The impact and aura of Sein und Zeit extend far beyond philosophy in either a technical or a general sense. Artists such as Anselm Kiefer look to Heidegger for direct inspiration and seek to illustrate his idiom, albeit ironically. Heidegger's idiosyncratic but profoundly suggestive readings of poetry, from Pindar to Trakl, have generated vivid echoes. Heidegger is present in René Char, as in Paul Celan (a tireless reader and annotator of Heidegger's publications). Architects cite Heidegger's meditations on the relations between buildings and the earth. All this secondary work, moreover, remains provisional.

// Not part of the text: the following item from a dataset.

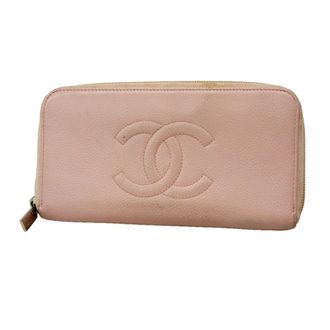 Chanel Pink Grained Calfskin Long Wallet (Bi-Fold) (Pre-Owned)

It is only lately that seminal texts, those of the pre-1925 lectures and seminars, or those composed but left unpublished during the 1940s, have become available. The collected edition, which is expected to exceed eighty volumes, is still in progress. It continues to generate disturbing uncertainties as to editorial method. Has there been "cleansing" on political grounds? A praetorian guard surrounds Heidegger's prodigal, sometimes fragmentary legacy.
What makes this situation bewildering, perhaps unprecedented, is the polarization of opinion as to Heidegger's stature. To many, his name can be set confidently next to those of Plato or Kant. To Gadamer he was simply "the greatest of thinkers". His sometime lover and publicist, Hannah Arendt, and his dissenting critic Leo Strauss hailed him as "incomparable". To others, he is an impene-trable, loquacious charlatan, a mystificateur pouring forth vatic, rapturous tautologies. Analytic philosophers, those whose habits of mind derive from Wittgenstein, are especially allergic to Heideggerian incantations. From Carnap to Jacques Bouveresse, professional logicians and academic cognitive philosophers (categories Heidegger despised) have regarded Heidegger's tomes as hectoring verbiage fatally tainted by and inwoven with his politics.